# Tying out sheep



## gabbyraja (Feb 27, 2012)

Sorry for the many questions, but I'm really trying to come up with a plan that will work with so little land. 

Does tying out work for sheep, as long as it's done safely? ie, they are kept at a distance so as not to get tangled, supervised for predators, escapees, injuries, etc. 

I'd hoped to use them as our lawn mowers, as well as provide them with temporary pasture in addition to their permanent pasture. I'm only talking 2-3 sheep, too, btw.

TIA


----------



## Dreamgoat Annie (Nov 28, 2011)

No, really, it doesn't work. Sheep are wired to flee danger. That is, don't look, don't ask questions, RUN! When you're small, tasty, and have no means of self-defence that just makes good sense.

Tethering, even supervised tethering, does not eliminate that hard-wired trait. Sheep panics, bolts, snaps or badly injures neck. For your sheep's sakes, please don't try it.


----------



## LibertyWool (Oct 23, 2008)

Portable electronet fencing works. You can set it up in just a few min, that is what I would and do use.


----------



## Fowler (Jul 8, 2008)

Tying your sheep is a great idea if you&#8217;re trying to draw in predators. At least the predators won&#8217;t have to work too hard to take them down after your sheep bolt themselves into strangulation.


----------



## bknthesdle (Mar 27, 2011)

I tied my sheep (they were bottle raised) out on my lawn last year. I would only do a couple at a time and it worked really well. But I pretty much supervised them the whole time or only tied them out if I was outside working. It worked for me and for my bottle lambs but it might not work for everyone.

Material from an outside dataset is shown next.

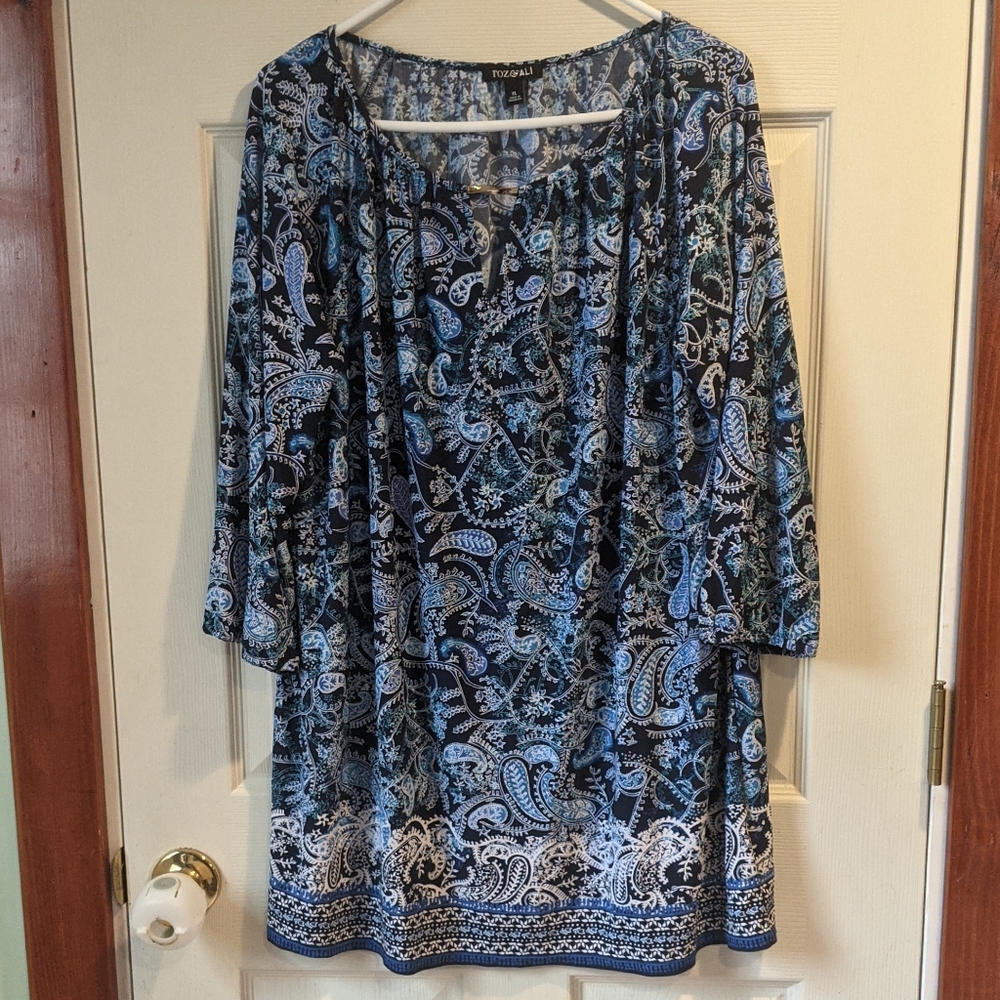 Roz & Ali blue paisley long sleeve v neck dress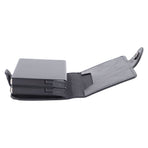Card Holder Black Card Case RFID Blocking Aluminium Alloy PU Anti Degaussing Large Capacity Withstand Wear Card Wallet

This was my favorite and such a pro at everything. Here she is staked out in my yard.


----------



## Maria (Apr 24, 2003)

Visualize "Jurassic Park" and the goat they tied out for the T-Rex.....


----------



## Ross (May 9, 2002)

We tried it a few times, I don't know if they did it themselves or they were trying to pick up weaving or what but a tangled mess is usually what I came back to even if only a few minutes. We just use a portable solid pen now.


----------



## lilachill (Apr 2, 2006)

To create a smaller moveable, non-permanent pen we use 2-4 cattle or hog panels. Bending a section in the middle to about 90' gives us L shaped sections that we move individually and clip together.


----------